Search code examples
pytorchloss-function

Pytorch: correct way to sum batch loss with epoch loss


I'm calculating two losses. One per batch and one per epoch, at the end of the batches loop. When I try to sum these two losses I get the following error:

RuntimeError: one of the variables needed for gradient computation has been modified by   an inplace operation: [torch.FloatTensor [64, 49]], which is output 0 of AsStridedBackward0, is at version 2; expected version 1 instead. Hint: the backtrace further above shows the operation that failed to compute its gradient. The variable in question was changed in there or anywhere later. Good luck!

I have my reasons for summing these two losses.

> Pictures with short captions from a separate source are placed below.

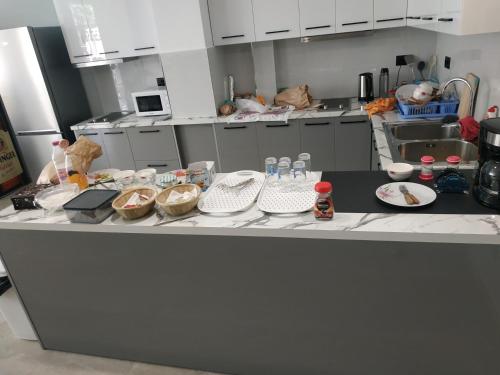 un bancone della cucina con piatti di cibo sopra di Central Boutique Hostel a Sarandë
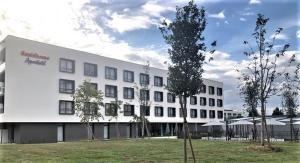 a large white building with trees in front of it at Residhome Sénart in Lieusaint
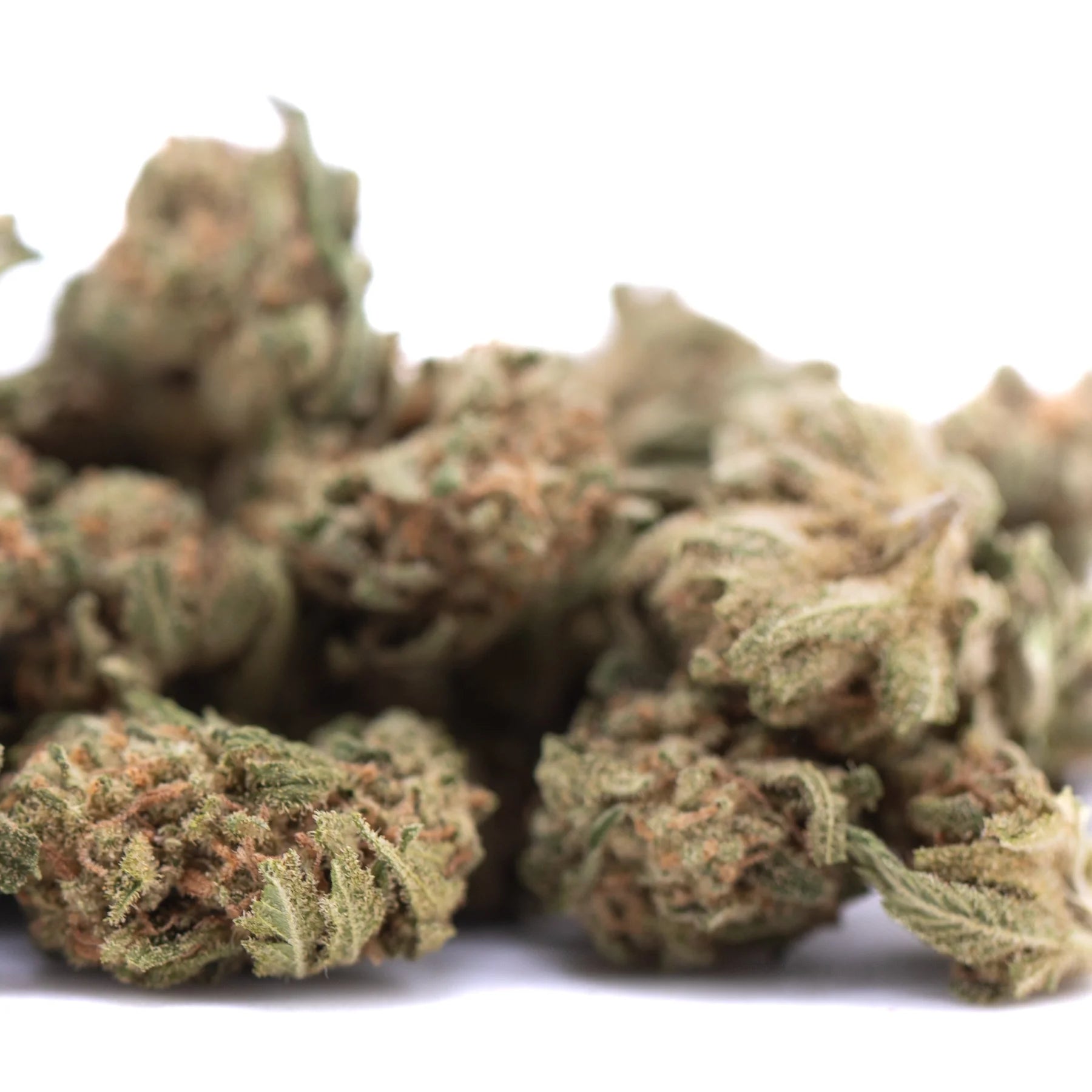 A pile of frosty green and brown humboldt dream thca flower buds from greenhouse smalls collection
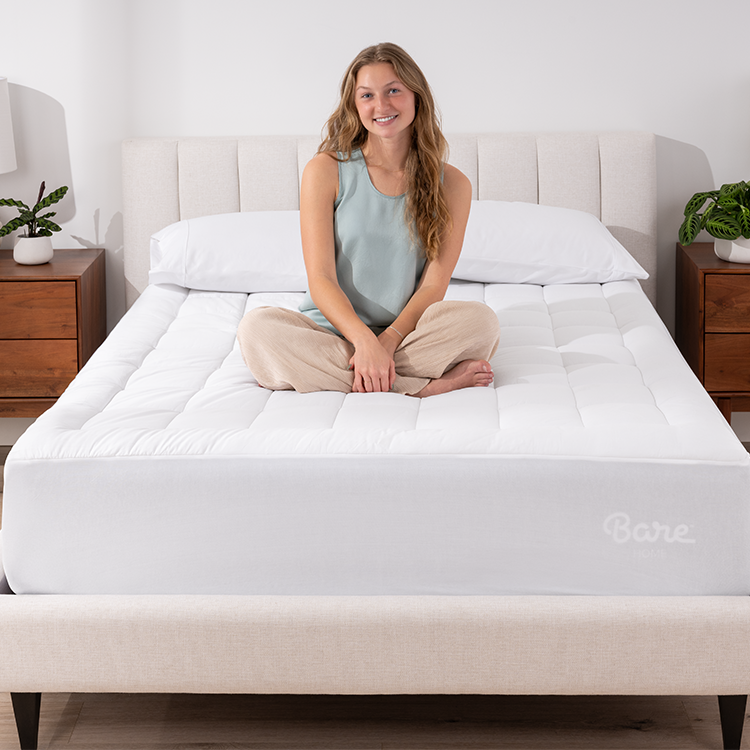 Woman sitting on a bed with white Cotton Top Mattress Pad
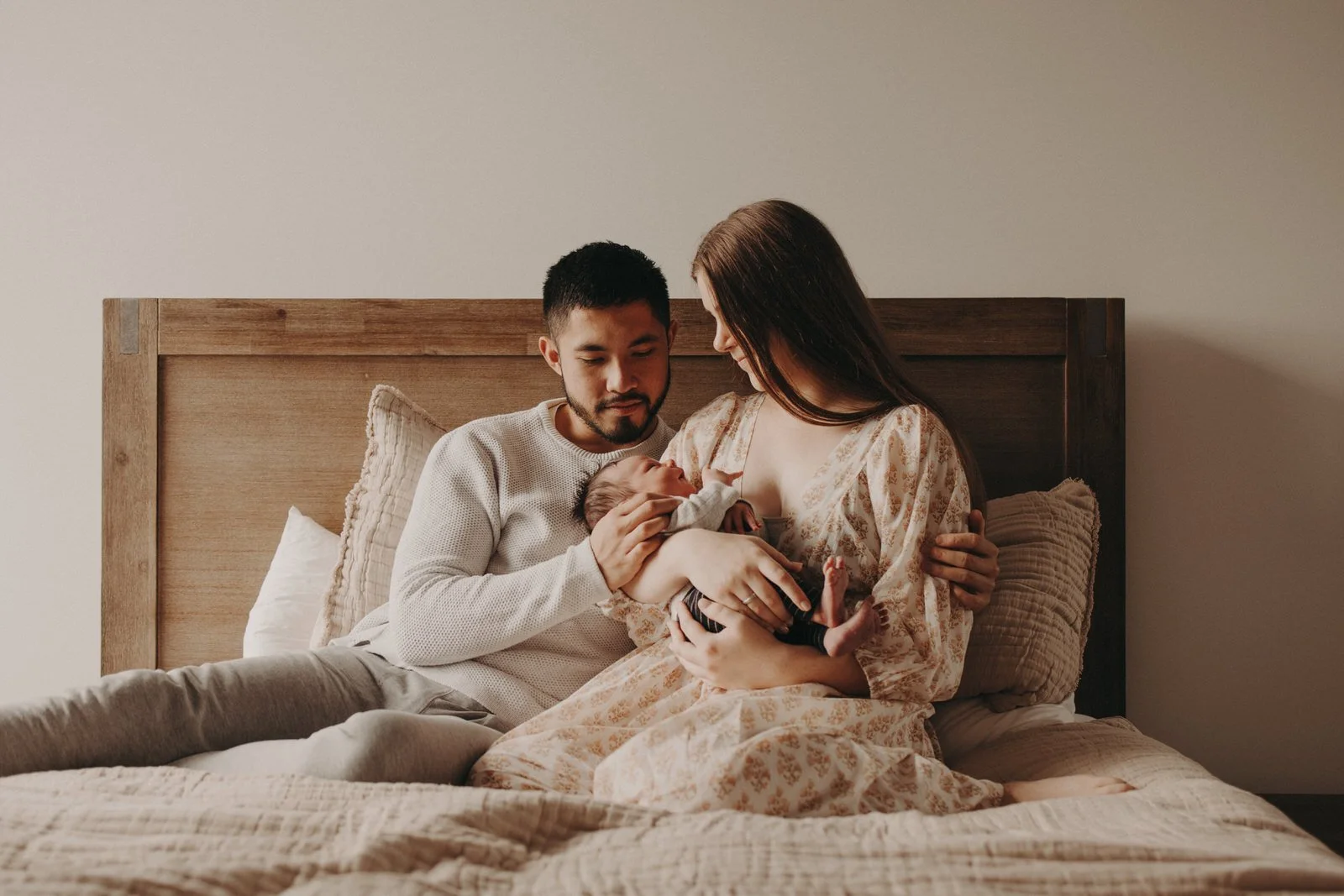 Newborn baby with parents on bed
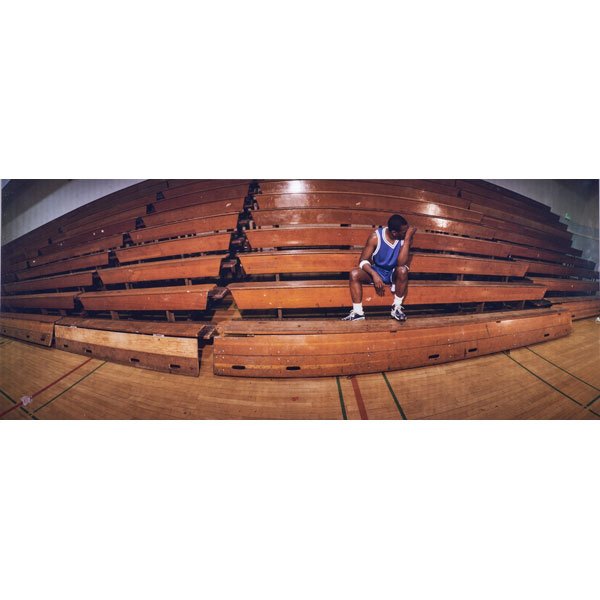 KORI NEWKIRK (American, b. 1970): Acrylic mounted print of basketball player on bleachers; 23 7/8" x 57 7/8"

The general idea of the code is something like this:

loss_epoch = 0 # it's zero in the first epoch

for epoch in epochs:
    for batch in batches:
        optimizer.zero_grad()
    
        loss_batch = criterion_batch(output_batch, target_batch)
        loss = loss_batch + loss_epoch # adds zero in the first epoch
    
        loss.backward()
        optimizer.step()
    
    loss_epoch = criterion_epoch(output_epoch, target_epoch)
    

I get that the problem is I'm modifying the gradient when I calculate another loss at the end of the first loop (the loop that goes through the batches) but I couldn't solve this problem.

It also might have something to do with the order of the operations (loss calculation, backward, zero_grad, step).

I need to calculate the loss_epoch at the end of the batch loop because I'm using the entire dataset to calculate this loss.


Solution

  • Assuming that you do not want to backpropagate the epoch_loss through every forward pass for the entire dataset (which of course would be computationally infeasible for a dataset of any non-trivial size), you could detach the epoch_loss and essentially add it as a scalar which is updated once per epoch. Not entirely sure if this is the behavior you want though.